Provided is a manufacturing method of an electromagnetic wave absorbing film. The manufacturing method of the electromagnetic wave absorbing film comprises the following steps of: preparing nano-soft magnetism plate shaped structures having magnetic metal; mixing the plate shaped structures with a binder to manufacture a source; coating the source on a base film wherein the source includes the plate shaped structures to form a coating layer; and applying a magnetic field to the base film on which the coating layer is formed to align the plate shaped structures in the coating layer in one direction.

Description

TECHNICAL FIELD [0001] The present invention relates to an electromagnetic wave absorber film,

The present invention relates to an electromagnetic wave absorbing film and a method of manufacturing the same, and more particularly to an electromagnetic wave absorbing film in which plate-shaped structures are arranged in one direction using a magnetic field and a method of manufacturing the same.

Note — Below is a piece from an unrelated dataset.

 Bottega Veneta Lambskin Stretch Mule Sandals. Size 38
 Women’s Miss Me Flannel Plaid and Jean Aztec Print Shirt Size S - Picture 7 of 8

2. Description of the Related Art Recently, various digital electronic devices such as PCs, portable terminals, portable media players and the like have been widely used. Accordingly, there is a problem that an electromagnetic wave generated in an electronic device affects another electronic device through a space, or affects another electronic device through a wire or a PCB to cause a malfunction.

Such electromagnetic disturbances are manifested in various ways ranging from malfunctions of computers to accidental incidents of factories, and furthermore, research results that have a negative impact on the human body have been announced, thus raising concerns and concern about health. In addition, in the advanced countries, the electromagnetic wave absorption and shielding technology for various electronic appliances is emerging as the core technology field of the electronic industry, while strengthening the regulations on electromagnetic interference and preparing countermeasures.

Accordingly, various techniques for electromagnetic wave absorption and shielding have been developed. For example, Korean Patent Registration No. 10-0995563 (Application No. 10-2010-0041847, filed by Inox Co., Ltd.) has been applied to an electric wave shielding electric wire which is excellent in adhesive force, heat resistance, electric conductivity and bendability, A conductive adhesive film is disclosed.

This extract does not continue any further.